Copy the lines below exactly, starting with the first and finishing with the one holding "and connection Joyful"; do not copy the pictures.
═══ Source data ═══
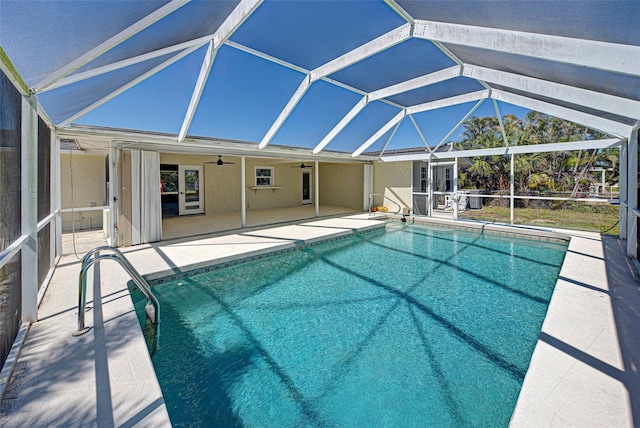 pool with a patio, a ceiling fan, and a lanai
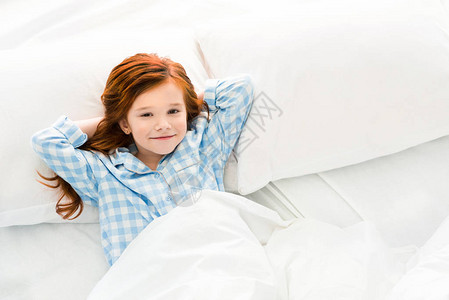 穿着睡衣的可爱小孩躺在床上图片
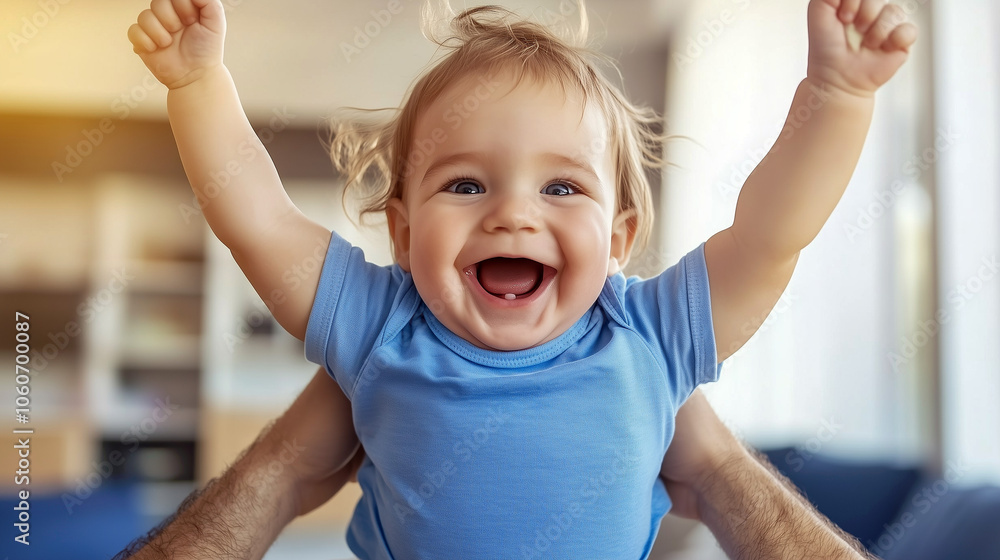 Joyful baby celebrating with raised arms while being held by a parent in a bright indoor setting, showcasing happiness and connection Joyful baby celebrating with raised arms while being held by a parent in a bright indoor setting, showcasing happiness and connection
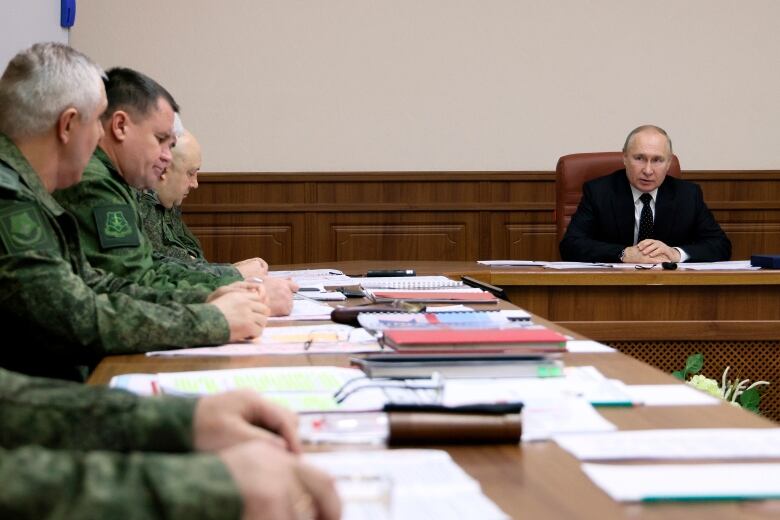 Putin, in a suit and tie, sits behind a table, at a distance from five men in green military uniforms. Their table is perpendicular to Putin's. The table is covered in documents. 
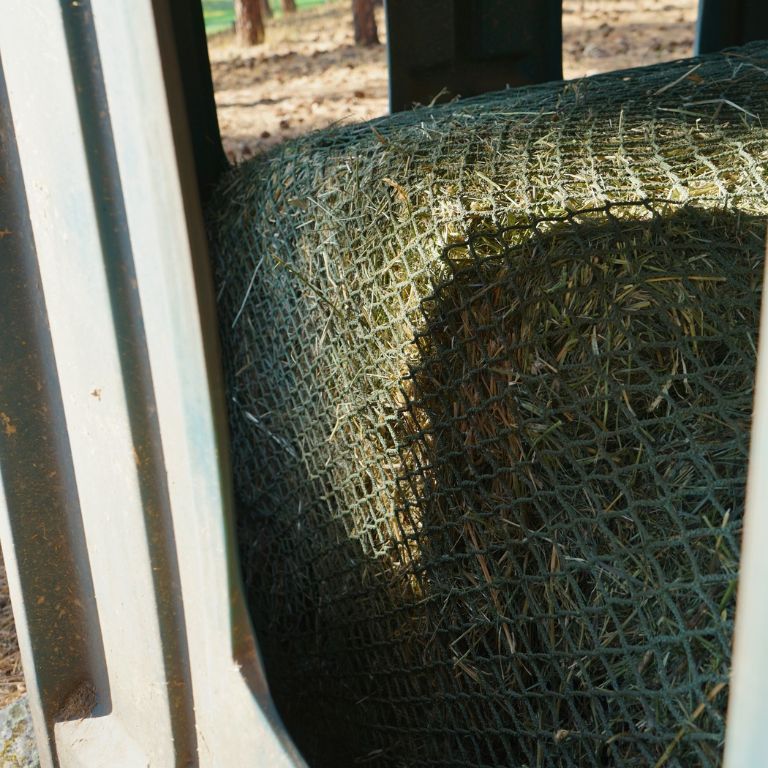 Close-up of a cylindrical net topper made of green twine, attached to a hay bale.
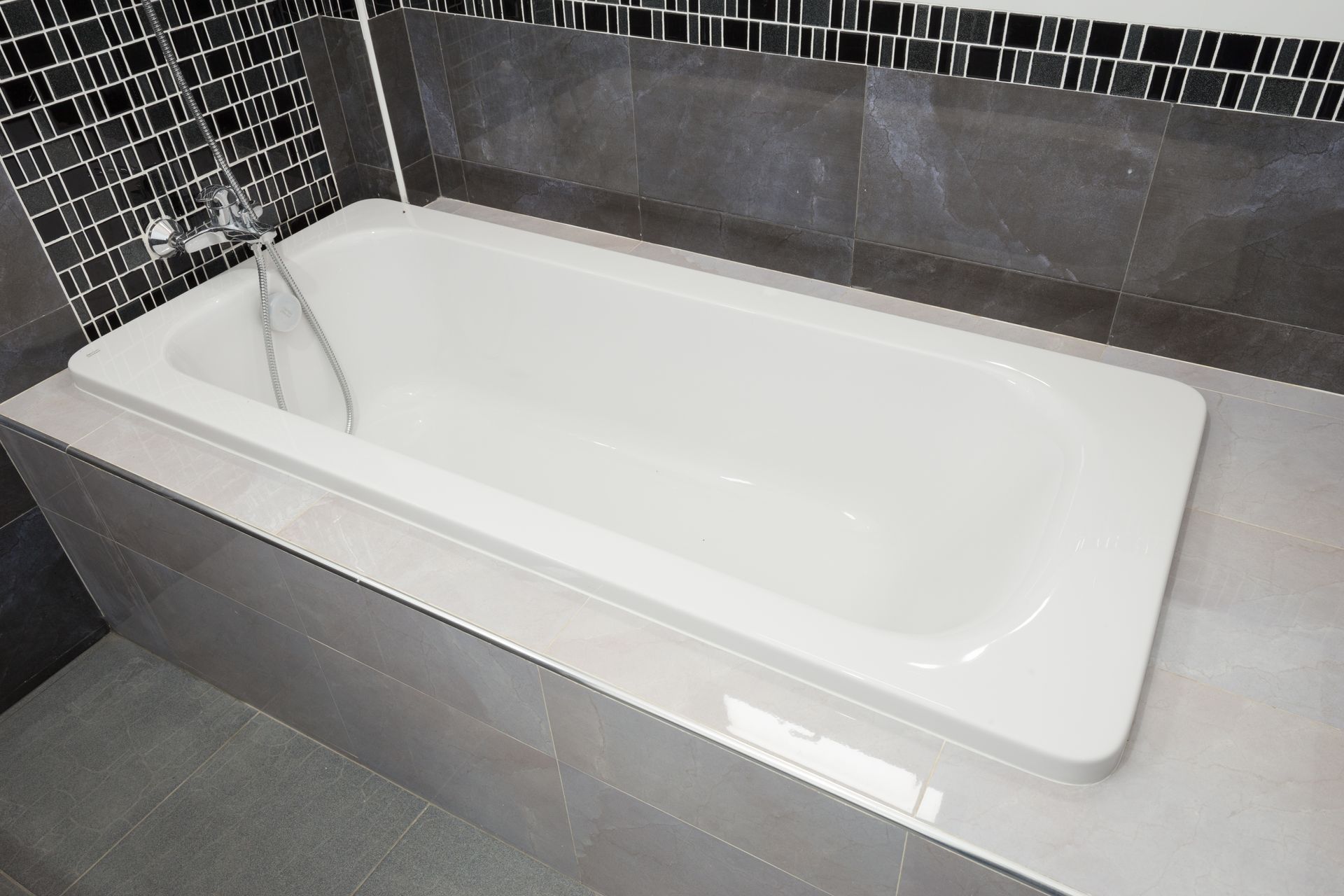 Clean white bathtub surrounded by modern gray and black tile.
═══
• [Response]
 pool with a patio, a ceiling fan, and a lanai
 穿着睡衣的可爱小孩躺在床上图片
 Joyful baby celebrating with raised arms while being held by a parent in a bright indoor setting, showcasing happiness and connection Joyful baby celebrating with raised arms while being held by a parent in a bright indoor setting, showcasing happiness and connection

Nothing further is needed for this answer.